### [Work to be completed]
With the pictures left out, please return exactly the line holding "224 Willow Springs" and each following line until the entries end.

┌──

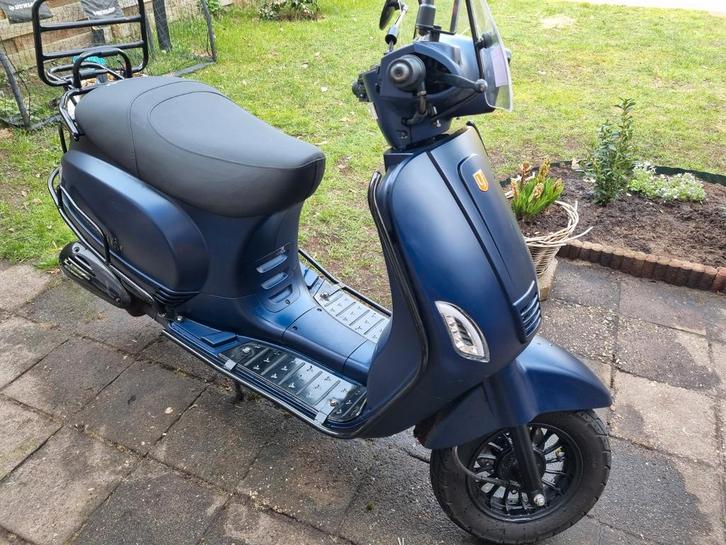 La Souris scooter SR Special Edition 2024 Mat Blauw, Fietsen en Brommers, Scooters | Overige merken, Zo goed als nieuw, Benzine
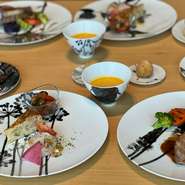 ・アミューズ
・前菜盛り合わせ 
・パン
・スープ 
・北海道産豚のロースト 
・デザート
・コーヒーor紅茶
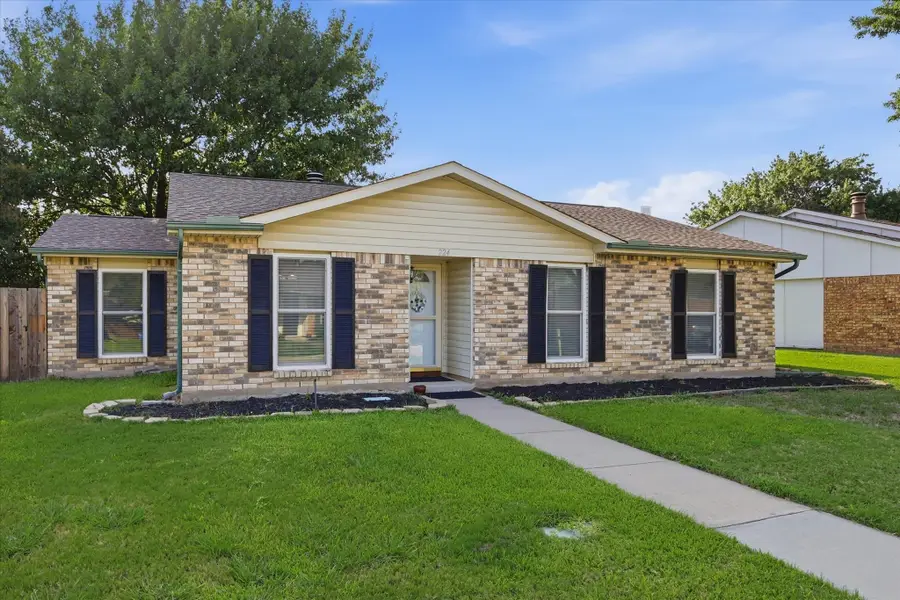 224 Willow Springs Drive, Coppell, TX 75019 - #2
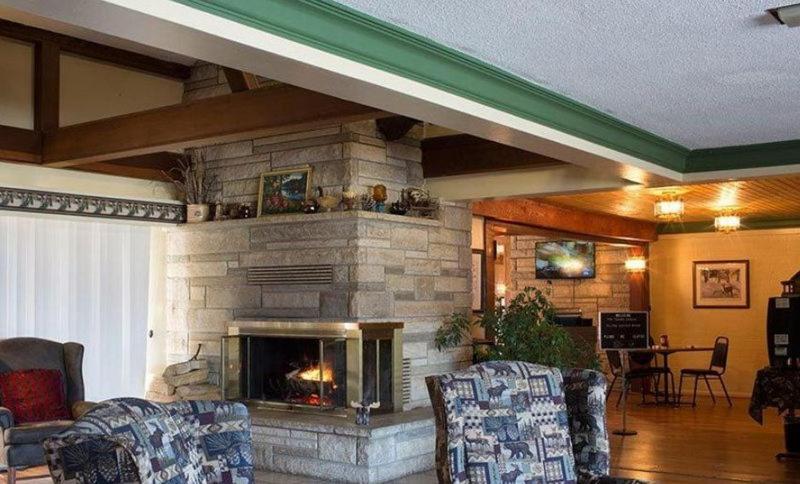 Camp Inn Lodge Au Sable Экстерьер фото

└──

### [Task output]
 224 Willow Springs Drive, Coppell, TX 75019 - #2
 Camp Inn Lodge Au Sable Экстерьер фото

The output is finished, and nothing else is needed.